The 28-year-old German was initially classified as disqualified from the final 800 meter discipline, for allegedly breaking lane too early in the race. It later emerged, however, that the officials had confused Schwarzkopf with the runner one lane further wide, who did put a toe on the white line. Replays revealed that while Schwarzkopf had flirted with the dividing line herself, she never quite crossed it.
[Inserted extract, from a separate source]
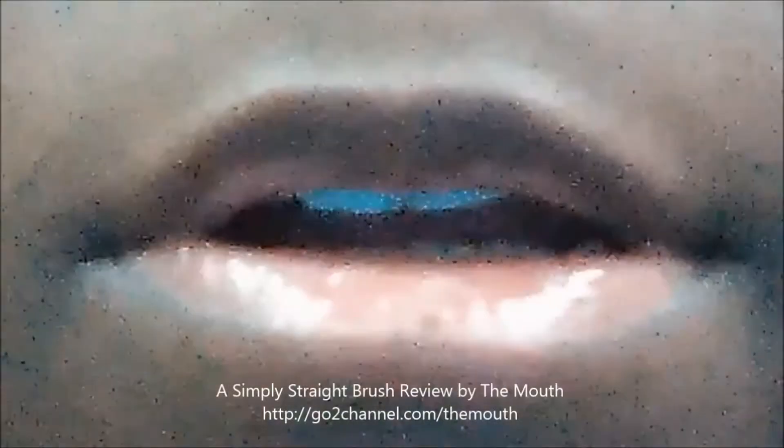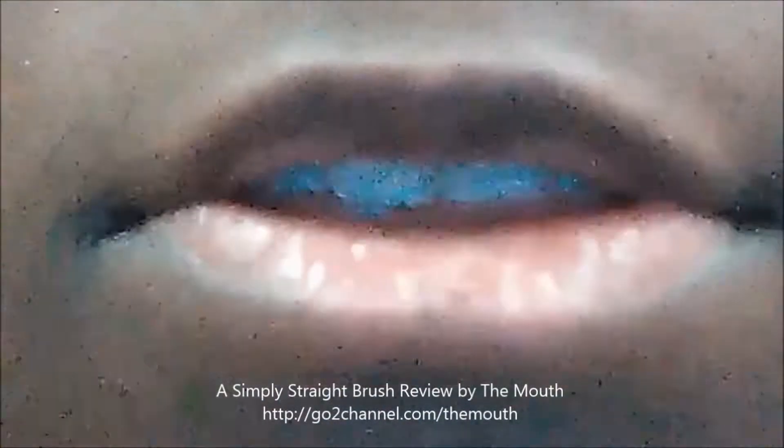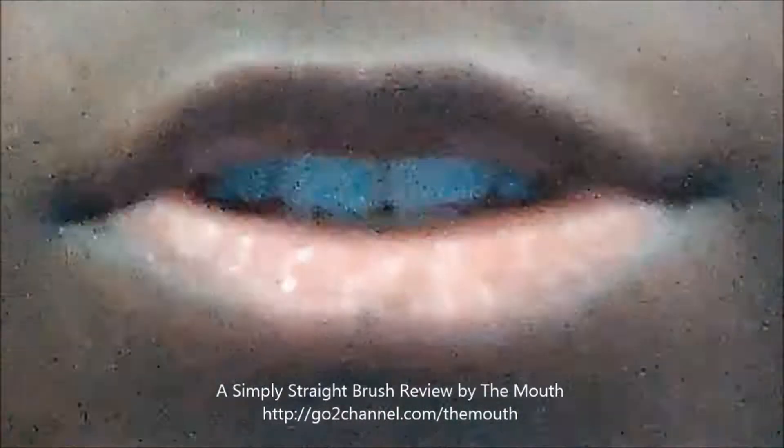So I was in Walmart and I saw this Simply Straight brush. On the box, of course, you see people of different skin colors. They only put women on there, but men can use it too. Males have curly hair just as well as females, so anyone with curly hair who wants their hair straightened can use this brush.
"Unbelievable. L. Schwarzkopf has a medal after all. The officials confused her [with another runner] and mistakenly disqualified her," German Olympic Committee (DOSB) employee Jörg Stratmann wrote on the body's Twitter account. After all the confusion, some doubt endured in the following moments, when he wrote: "The computer is now calling it 'official:' Silver for Lilli Schwarzkopf with 6649 points. Should we believe it?"
Ennis won gold comfortably with 6955 points over the seven events, while Russia's Tatjana Chernova took bronze with 6628. Ukraine's Lyudmyla Yosypenko had her hopes raised and dashed amid the Schwarzkopf furore, she finished fourth overall and briefly appeared set for a medal herself.
After a counter-appeal from Ukraine and a delay, the medal ceremony eventually went ahead. Schwarzkopf was the only German to claim a medal in a lean day of competition.
Home glory
The host athletes fared particularly well in Saturday's action, with Britain winning six gold medals in total - the best single-day showing for Team GB since the 1908 Olympics, also in London.
Somali refugee turned British citizen Mo Farah won the 10,000 meters with an impressive last lap sprint to claim the hosts' sixth gold of the day. Greg Rutherford had wrapped up long jump gold moments earlier in the infield. Britain's footballers, however, were disappointed in a penalty shootout against South Korea late on Saturday evening.
The highlight of Sunday's action, arguably of the entire Olympics, will take place late in the evening, when Usain Bolt, Yohan Blake and others will vie for gold in the 100-meters final.
Shelly-Ann Fraser-Pryce won the women's 100 meters for Jamaica on Saturday night, beating Carmelita Jeter of the US by just 0.03 seconds. Another Jamaican, Veronica Campbell-Brown, came in third, a further three-hundredths of a second behind. Fraser-Pryce ran the dash in 10.75 seconds, well shy of Florence Griffith Joyner's 1988 world record of 10.49 seconds.